Beitrag vom 20.10.2021

NZZ

Der Fall von Chief Erics Imperium: Einst hoffte ein Volk im Nigerdelta, Öl würde es reich machen – nun hofft es auf europäische Richter

Doch Hoffnung war bisher vergebens in Ogoniland – denn da ist der Nigeria-Faktor.

Samuel Misteli (Text)

Wenn Chief Eric Dooh hierherkommt, in sein Dorf, das auf Landkarten nicht mehr verzeichnet ist, schluckt er Tabletten, um besser atmen zu können. Er fährt dann vor, in seinem alten Mercedes, dessen Stern schief steht, und stoppt den Wagen neben einem 200 Meter breiten Streifen, der giftig riecht und giftig glänzt. Der Streifen war einmal ein Fluss, voll mit Mangroven; man habe das andere Ufer nicht sehen können, sagt Chief Eric.

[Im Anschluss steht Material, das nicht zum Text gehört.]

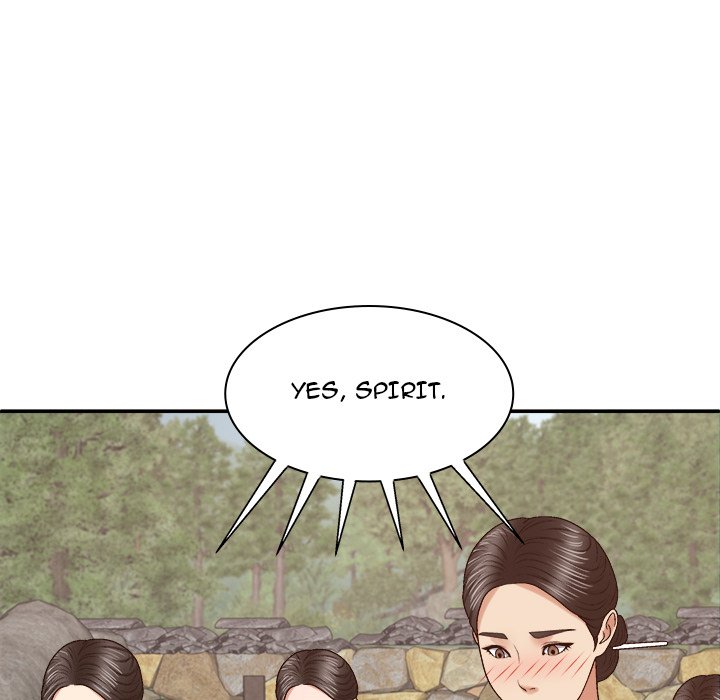 Spirit Possession Chapter 54 Page 97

Doch das Öl hat die Mangroven gefressen, ein paar Äste und Strünke liegen verstreut wie Skelette. Dazwischen huschen Krabben, Ölschwaden treiben in Pfützen. Auch vom Dorf ist wenig geblieben: ein paar Ruinen, die langsam von der Vegetation verschlungen werden, und ein paar Fische in verseuchten Teichen.

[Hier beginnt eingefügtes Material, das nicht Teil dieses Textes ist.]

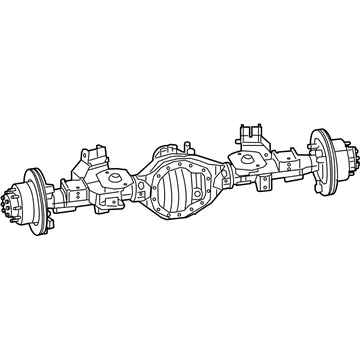 moparpartsgiant19-4511890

Chief Eric hat sein traditionelles Gewand übergezogen, der Bändel am Hut baumelt wütend, während der Chief durch das verlassene Dorf schreitet. «Das hier war ein Imperium», sagt er. Es war das Imperium seines Vaters: eine Bäckerei, eine Privatschule, eine Hühner- und eine Ziegenzucht, drei Fischteiche, mehr als siebzig Angestellte. «Der Mann war ein Schwerarbeiter», sagt der Chief über den Vater, «und er hatte Cash in rauen Mengen.»

Das Imperium hiess Goi, es hatte ein paar hundert Einwohner. Es fiel am 10. Oktober 2004, als eine Pipeline barst und während dreier Tage 24 000 Liter Öl in den Fluss goss. Sechs Jahre später stellten die Behörden ein Schild auf in Goi, darauf stand, was für alle zu sehen und zu riechen war: Die Gegend sei verschmutzt. Die Behörden wiesen die Bewohner an, wegzuziehen.

Seither ist Chief Eric ein Thronfolger ohne Reich. Er lebt im Nachbardorf von Goi, verdient Geld als Sekundarlehrer und als Sicherheitsangestellter. Sein Vater starb 2012. Noch vor dem Wegzug aus Goi hatte dieser gegen die Firma geklagt, die die Pipeline betrieb, die Goi zerstörte: Shell. Doch der Fall blieb stecken in Nigerias Gerichten, und der Vater starb.

Nun, fast zwanzig Jahre nach der Verwüstung von Goi, hat Chief Eric Grund, zu hoffen. Ende Januar entschieden Richter am Berufungsgericht in Den Haag, die nigerianische Tochterfirma von Shell hafte für das Leck, das Goi unbewohnbar machte. Juristen, die mehr Verantwortlichkeit von multinationalen Unternehmen fordern, feierten das Urteil als «monumentalen Sieg». Es war das erste Mal, dass ausländische Kläger vor einem höherinstanzlichen Gericht in Europa in einem Konzernhaftungsfall recht erhielten.

Doch Hoffnung gab es immer wieder in Ogoniland, der Gegend im Nigerdelta, in der das Dorf Goi lag. Die Ogoni – so heisst die ethnische Minderheit, die hier wohnt – hofften, dass die Millionen von Fässern Öl, die unter ihrem Land lagen, sie reich machen würden. Sie hofften, dass die nigerianische Regierung sie unterstützen würde, als das Öl nicht Wohlstand brachte, sondern Verwüstung. Und sie hofften, dass nigerianische Richter ihnen Gerechtigkeit verschaffen würden.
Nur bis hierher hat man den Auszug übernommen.